夕阳将天空染成一片熔金,四人靠坐在残破的城墙上,身后是断壁残垣,身前是渐沉的落日。老者枯瘦的手抚过腰间半旧的玉佩,浑浊的眼睛里映着跳动的霞光;年轻女子将散落的发丝别到耳后,指尖还沾着未洗尽的尘土,嘴角却扬起轻快的弧度;少年把长剑横在膝头,晃荡着悬空的脚尖,脸上褪去了稚气,多了几分沉静。
林羽望着远处归巢的飞鸟,轻轻舒了口气。衣袖上的裂口在风中微微颤动,掌心的血泡早已磨破,此刻却感觉不到疼痛。他们沉默着,却能从彼此眼中读到同样的东西——那些彻夜不眠的守护,那些生死一线的拼杀,那些咬牙坚持的信念,都在这一刻化作眼底的柔光。
老者忽然低笑出声,声音沙哑却带着暖意:"总算是...守下来了。"年轻女子闻言侧头,眼中闪过泪光,却笑着点头:"是啊,天快亮了。"少年握紧剑柄,用力点头,夕阳的光落在他脸上,映出少年人独有的倔强与希望。
余晖渐淡,天边最后一抹亮色温柔地拥抱着他们。虽满身疲惫,伤痕累累,却无人再皱一下眉头。因为林羽、老者、年轻女子和少年他们知道,当明日朝阳升起时,这片土地将重新迎来生机,而他们,是守护这生机的人。
林羽半蹲下身,让老者的手臂搭在自己肩上。粗粝的布衫磨着他肘弯的旧伤,结痂的血痕混着尘土,在夕阳下泛着暗红。老者的银发被山风吹得凌乱,几缕粘在汗湿的额角,他却抬手拍了拍林羽的手背,声音沙哑却带笑意:“丫头,你看——”
顺着他指的方向,山坳尽头的村落正升起袅袅炊烟。青瓦上的积雪还未化尽,被余晖染成暖融融的橘色,像孩童打翻的蜜罐。村口那棵老槐树还在,枝桠间挂着去年的红绸,在风中轻轻晃。

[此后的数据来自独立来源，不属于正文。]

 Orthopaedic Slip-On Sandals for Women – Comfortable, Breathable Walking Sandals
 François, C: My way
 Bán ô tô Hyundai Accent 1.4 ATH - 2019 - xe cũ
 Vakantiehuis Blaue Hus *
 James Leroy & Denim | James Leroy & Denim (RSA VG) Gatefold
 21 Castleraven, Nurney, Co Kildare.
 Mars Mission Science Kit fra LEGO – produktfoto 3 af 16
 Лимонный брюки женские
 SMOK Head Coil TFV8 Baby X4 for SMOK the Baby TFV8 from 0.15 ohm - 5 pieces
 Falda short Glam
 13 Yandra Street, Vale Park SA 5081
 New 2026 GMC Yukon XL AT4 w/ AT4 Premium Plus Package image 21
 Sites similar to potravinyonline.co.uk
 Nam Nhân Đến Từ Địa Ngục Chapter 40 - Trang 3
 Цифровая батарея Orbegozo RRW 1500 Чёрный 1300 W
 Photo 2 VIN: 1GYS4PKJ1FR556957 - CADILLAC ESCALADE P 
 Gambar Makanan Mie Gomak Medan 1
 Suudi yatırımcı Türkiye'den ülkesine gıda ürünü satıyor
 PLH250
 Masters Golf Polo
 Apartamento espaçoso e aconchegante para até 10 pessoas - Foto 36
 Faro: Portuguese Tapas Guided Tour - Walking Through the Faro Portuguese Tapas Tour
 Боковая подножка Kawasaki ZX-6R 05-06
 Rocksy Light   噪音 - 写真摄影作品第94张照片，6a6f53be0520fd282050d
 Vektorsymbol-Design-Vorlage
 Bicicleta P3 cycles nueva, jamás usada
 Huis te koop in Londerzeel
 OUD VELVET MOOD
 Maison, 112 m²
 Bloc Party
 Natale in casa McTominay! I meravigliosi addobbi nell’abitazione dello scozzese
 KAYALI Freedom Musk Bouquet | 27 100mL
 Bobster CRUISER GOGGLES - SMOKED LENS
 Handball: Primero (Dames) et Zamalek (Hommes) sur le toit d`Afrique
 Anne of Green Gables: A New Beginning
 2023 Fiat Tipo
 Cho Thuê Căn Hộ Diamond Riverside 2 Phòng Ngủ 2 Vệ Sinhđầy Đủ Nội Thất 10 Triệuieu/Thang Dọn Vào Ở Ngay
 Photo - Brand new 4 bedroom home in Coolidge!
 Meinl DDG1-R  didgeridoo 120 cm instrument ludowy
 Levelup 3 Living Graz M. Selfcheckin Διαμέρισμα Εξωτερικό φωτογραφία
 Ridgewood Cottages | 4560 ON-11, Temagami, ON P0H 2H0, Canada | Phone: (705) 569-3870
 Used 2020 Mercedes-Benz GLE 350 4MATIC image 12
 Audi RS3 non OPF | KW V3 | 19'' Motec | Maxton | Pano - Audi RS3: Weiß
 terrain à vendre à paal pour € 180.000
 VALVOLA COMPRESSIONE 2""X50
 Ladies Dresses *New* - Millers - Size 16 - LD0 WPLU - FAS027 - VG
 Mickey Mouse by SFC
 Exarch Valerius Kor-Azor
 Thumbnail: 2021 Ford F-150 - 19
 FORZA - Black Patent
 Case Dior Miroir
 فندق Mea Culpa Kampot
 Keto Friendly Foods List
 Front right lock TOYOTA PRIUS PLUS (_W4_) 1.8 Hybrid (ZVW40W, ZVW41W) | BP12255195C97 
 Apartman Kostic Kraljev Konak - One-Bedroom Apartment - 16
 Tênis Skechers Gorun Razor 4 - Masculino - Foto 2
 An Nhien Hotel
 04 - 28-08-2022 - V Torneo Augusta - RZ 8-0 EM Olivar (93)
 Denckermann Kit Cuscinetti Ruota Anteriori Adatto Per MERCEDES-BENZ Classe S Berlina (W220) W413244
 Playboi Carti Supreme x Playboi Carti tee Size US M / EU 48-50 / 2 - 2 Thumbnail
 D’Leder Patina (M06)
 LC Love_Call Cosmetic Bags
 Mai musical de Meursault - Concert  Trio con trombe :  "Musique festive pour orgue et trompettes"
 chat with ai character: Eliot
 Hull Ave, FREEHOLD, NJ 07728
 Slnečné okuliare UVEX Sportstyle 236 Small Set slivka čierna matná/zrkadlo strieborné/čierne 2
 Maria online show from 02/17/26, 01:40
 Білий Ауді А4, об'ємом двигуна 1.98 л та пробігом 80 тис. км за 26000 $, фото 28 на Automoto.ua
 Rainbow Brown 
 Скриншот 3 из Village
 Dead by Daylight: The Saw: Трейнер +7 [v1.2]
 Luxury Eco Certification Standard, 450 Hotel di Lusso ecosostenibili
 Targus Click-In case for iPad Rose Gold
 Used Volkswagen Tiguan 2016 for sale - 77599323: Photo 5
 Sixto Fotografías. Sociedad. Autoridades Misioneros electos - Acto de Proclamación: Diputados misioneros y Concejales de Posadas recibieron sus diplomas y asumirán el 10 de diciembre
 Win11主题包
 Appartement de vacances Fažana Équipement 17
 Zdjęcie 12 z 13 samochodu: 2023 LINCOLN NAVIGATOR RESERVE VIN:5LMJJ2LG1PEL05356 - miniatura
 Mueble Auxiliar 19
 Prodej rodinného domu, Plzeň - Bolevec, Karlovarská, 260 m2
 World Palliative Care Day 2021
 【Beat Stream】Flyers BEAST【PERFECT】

林羽忽然想起三日前,他们揣着那卷写满村落防御图的羊皮纸,在密林中被追兵逼到断崖。老者用拐杖挡开刺来的长刀,自己却滚下陡坡,左腿被尖石划开深可见骨的口子。她背着他在雪地里跑,靴底磨穿,血珠渗出来,在雪地上点出一路红梅。那时她咬着牙想,绝不能让这群豺狼毁了村里的孩子。
此刻老者的手搭在她肩上,掌心的老茧蹭着她的衣领,像小时候她跌伤时,他给她擦药的力道。林羽低头,看见自己掌心攥着的平安符——是村口阿婆塞给她的,说能护着他们回来。符角磨得有些毛边,却还带着棉布的暖意。